The font describing information obtaining module 502 may include:
the content stream analyzing submodule 5021 is used for analyzing the content stream of the PDF file with the fonts to be embedded to obtain all instructions related to character output;
the character and identifier acquiring submodule 5022 is used for determining characters which are output by using the double-byte fonts to be embedded according to the instruction analyzed by the content stream analyzing submodule 5021; and acquiring a character identifier or a font identifier of the output character according to the determined font type and the corresponding encoding mode of the output character. If the font Type to which the output character belongs is the Type1 Type, the character identifier is obtained, and if the font Type to which the output character belongs is the Type TrueType, the font identifier is obtained, and the process of obtaining the character identifier or the font identifier according to the font Type and further according to the encoding mode is as described above;
the font describing information obtaining sub-module 5023 is used for obtaining font describing information corresponding to the identifier according to the font file of the double-byte font.
The font describing information obtaining module 502 further includes: the font file loading submodule 5024 is configured to load a corresponding font file according to the font description information of the double-byte font determined by the font to be embedded and the description determination submodule 5012 thereof. When the font describing information acquiring submodule 5023 acquires the font describing information, the font describing information corresponding to the identifier is acquired from the loaded font file.
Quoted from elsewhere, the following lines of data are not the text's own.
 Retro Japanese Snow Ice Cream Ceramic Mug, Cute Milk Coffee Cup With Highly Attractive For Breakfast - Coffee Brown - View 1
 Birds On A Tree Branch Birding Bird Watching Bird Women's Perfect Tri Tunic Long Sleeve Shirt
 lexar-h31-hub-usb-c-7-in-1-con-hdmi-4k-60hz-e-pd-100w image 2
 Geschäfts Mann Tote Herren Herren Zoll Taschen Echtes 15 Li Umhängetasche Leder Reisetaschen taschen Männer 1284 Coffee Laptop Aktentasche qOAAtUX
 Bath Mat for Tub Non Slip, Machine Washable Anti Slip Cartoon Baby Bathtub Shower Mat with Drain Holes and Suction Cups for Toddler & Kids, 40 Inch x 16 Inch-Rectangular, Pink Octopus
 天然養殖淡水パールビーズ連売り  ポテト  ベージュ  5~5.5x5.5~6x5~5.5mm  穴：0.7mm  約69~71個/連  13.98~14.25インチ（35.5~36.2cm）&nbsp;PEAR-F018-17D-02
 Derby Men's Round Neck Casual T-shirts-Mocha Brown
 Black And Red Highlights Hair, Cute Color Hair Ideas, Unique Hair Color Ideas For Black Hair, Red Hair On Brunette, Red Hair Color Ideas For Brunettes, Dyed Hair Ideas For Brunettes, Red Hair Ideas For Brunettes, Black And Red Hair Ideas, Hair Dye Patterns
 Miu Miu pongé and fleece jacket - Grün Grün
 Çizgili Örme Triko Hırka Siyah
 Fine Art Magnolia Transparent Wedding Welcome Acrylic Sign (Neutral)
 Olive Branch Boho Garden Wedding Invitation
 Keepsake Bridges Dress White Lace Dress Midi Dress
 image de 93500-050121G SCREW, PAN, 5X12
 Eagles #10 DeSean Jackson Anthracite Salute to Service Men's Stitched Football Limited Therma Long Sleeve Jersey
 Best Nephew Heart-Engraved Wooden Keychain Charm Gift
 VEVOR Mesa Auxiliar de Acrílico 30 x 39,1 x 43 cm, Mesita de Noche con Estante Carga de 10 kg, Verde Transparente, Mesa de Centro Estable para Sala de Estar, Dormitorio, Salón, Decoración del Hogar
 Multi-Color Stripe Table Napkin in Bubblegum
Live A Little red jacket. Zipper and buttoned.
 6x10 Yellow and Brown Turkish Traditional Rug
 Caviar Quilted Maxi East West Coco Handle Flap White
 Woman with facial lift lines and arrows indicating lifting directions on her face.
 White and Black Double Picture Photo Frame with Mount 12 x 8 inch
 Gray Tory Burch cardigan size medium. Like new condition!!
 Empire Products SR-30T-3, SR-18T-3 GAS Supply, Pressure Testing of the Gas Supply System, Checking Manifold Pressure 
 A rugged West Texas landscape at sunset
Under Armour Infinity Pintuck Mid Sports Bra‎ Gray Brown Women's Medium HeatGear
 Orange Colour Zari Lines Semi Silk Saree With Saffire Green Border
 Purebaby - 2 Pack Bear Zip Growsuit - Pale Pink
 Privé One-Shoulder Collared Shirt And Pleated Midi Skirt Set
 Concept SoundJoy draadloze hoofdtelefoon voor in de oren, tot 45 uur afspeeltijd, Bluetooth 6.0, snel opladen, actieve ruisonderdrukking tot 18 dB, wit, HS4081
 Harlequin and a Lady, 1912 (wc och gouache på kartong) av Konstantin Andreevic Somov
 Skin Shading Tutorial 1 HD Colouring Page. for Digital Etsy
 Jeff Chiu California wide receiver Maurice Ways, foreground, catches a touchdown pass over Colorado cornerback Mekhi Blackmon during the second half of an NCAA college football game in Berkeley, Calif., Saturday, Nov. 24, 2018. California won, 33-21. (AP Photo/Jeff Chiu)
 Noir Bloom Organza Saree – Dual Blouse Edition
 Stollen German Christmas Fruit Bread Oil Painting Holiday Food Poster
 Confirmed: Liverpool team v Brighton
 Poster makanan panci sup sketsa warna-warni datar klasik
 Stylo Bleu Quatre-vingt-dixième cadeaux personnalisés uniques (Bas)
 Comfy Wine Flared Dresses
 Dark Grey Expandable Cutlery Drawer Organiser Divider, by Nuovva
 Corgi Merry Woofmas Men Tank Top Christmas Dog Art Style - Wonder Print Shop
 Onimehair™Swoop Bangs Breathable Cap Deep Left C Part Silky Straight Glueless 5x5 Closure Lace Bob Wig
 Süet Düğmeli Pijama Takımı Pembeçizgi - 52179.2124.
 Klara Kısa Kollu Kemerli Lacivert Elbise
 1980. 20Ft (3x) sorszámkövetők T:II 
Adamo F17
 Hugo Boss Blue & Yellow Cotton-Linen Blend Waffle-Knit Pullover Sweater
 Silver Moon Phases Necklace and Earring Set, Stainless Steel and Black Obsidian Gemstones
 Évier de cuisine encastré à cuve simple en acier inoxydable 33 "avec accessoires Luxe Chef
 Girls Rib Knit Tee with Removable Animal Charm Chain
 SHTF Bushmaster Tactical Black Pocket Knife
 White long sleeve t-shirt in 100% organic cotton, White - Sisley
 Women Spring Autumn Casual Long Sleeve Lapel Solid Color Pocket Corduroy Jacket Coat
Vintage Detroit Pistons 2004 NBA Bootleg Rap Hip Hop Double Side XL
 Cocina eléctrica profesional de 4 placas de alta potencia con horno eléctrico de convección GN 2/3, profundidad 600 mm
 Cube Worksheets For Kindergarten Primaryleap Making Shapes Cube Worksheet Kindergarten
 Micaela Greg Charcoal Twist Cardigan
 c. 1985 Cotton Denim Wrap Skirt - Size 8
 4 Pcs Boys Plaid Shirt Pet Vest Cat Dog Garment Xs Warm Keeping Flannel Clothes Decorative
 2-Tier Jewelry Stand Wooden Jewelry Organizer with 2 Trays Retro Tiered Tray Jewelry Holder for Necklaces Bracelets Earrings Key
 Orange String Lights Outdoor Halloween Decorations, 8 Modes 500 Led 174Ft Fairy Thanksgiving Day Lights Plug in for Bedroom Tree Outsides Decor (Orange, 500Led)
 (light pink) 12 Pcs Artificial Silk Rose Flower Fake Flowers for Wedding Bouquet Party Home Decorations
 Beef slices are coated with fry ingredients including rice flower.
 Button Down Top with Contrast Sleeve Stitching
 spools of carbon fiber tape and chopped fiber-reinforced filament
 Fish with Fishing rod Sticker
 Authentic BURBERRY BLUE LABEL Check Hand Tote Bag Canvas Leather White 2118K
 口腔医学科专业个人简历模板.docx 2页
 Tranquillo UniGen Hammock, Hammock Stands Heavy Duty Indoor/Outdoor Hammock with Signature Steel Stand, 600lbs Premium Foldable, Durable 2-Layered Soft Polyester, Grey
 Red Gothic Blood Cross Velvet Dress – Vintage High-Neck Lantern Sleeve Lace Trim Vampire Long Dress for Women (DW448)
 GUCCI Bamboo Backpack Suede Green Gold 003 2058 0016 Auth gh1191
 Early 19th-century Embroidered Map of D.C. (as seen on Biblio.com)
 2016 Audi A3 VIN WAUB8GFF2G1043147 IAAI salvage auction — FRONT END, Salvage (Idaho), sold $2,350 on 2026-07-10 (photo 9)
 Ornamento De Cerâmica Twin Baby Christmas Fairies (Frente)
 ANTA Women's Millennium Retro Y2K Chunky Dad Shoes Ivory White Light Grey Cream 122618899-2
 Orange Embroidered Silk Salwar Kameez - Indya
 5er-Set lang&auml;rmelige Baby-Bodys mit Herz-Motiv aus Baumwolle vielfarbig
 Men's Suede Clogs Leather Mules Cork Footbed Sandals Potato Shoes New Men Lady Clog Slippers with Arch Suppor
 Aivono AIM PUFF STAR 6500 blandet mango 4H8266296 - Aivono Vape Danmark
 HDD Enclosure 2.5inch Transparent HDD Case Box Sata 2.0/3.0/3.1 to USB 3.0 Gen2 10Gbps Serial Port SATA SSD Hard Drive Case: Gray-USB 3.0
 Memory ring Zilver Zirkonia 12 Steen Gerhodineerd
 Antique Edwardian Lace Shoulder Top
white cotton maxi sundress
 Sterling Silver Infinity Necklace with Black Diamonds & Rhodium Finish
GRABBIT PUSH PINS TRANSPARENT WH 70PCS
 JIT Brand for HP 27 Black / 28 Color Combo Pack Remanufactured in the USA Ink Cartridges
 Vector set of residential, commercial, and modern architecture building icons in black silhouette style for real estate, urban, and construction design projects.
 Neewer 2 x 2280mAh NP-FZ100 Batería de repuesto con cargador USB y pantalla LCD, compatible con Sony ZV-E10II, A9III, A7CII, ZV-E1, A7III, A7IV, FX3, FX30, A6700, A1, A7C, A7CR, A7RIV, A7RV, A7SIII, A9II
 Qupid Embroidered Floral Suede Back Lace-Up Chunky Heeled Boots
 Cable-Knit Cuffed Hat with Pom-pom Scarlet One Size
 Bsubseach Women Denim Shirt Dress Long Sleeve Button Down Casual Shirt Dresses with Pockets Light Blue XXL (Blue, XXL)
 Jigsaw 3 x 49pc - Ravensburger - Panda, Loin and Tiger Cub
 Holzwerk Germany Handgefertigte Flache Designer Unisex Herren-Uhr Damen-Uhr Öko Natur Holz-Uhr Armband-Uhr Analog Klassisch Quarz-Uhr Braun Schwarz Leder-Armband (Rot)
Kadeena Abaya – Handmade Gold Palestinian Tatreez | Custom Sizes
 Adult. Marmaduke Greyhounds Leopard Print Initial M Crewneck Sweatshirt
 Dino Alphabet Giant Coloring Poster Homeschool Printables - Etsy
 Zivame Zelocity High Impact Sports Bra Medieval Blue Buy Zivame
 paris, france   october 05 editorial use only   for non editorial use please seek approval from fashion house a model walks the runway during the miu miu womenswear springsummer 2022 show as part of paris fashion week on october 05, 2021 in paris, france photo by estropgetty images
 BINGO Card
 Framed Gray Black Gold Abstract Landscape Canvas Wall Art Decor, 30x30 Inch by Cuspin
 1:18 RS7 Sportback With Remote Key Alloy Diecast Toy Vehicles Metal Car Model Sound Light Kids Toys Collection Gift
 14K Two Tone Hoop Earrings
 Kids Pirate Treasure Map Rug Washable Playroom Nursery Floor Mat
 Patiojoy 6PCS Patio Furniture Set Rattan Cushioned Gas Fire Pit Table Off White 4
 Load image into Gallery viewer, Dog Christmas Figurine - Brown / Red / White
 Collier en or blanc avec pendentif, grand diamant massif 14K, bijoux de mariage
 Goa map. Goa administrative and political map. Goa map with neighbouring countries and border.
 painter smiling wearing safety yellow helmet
The PDF file generating module 503 may include:
a font program data stream constructing submodule 5031, configured to construct a corresponding font program data stream according to a font type to which a double-byte font to be embedded belongs;
the font program data stream writing sub-module 5032 is configured to store the obtained font description information into a corresponding font program data stream;
the PDF file writing sub-module 5033 is configured to write the font program data stream in which the font description information is stored and the font description information of the double-byte font to be embedded into the target PDF file, where the target PDF file is the PDF file in which the double-byte font to be embedded is embedded.
It will be apparent to those skilled in the art that various changes and modifications may be made in the present invention without departing from the spirit and scope of the invention. Thus, if such modifications and variations of the present invention fall within the scope of the claims of the present invention and their equivalents, the present invention is also intended to include such modifications and variations.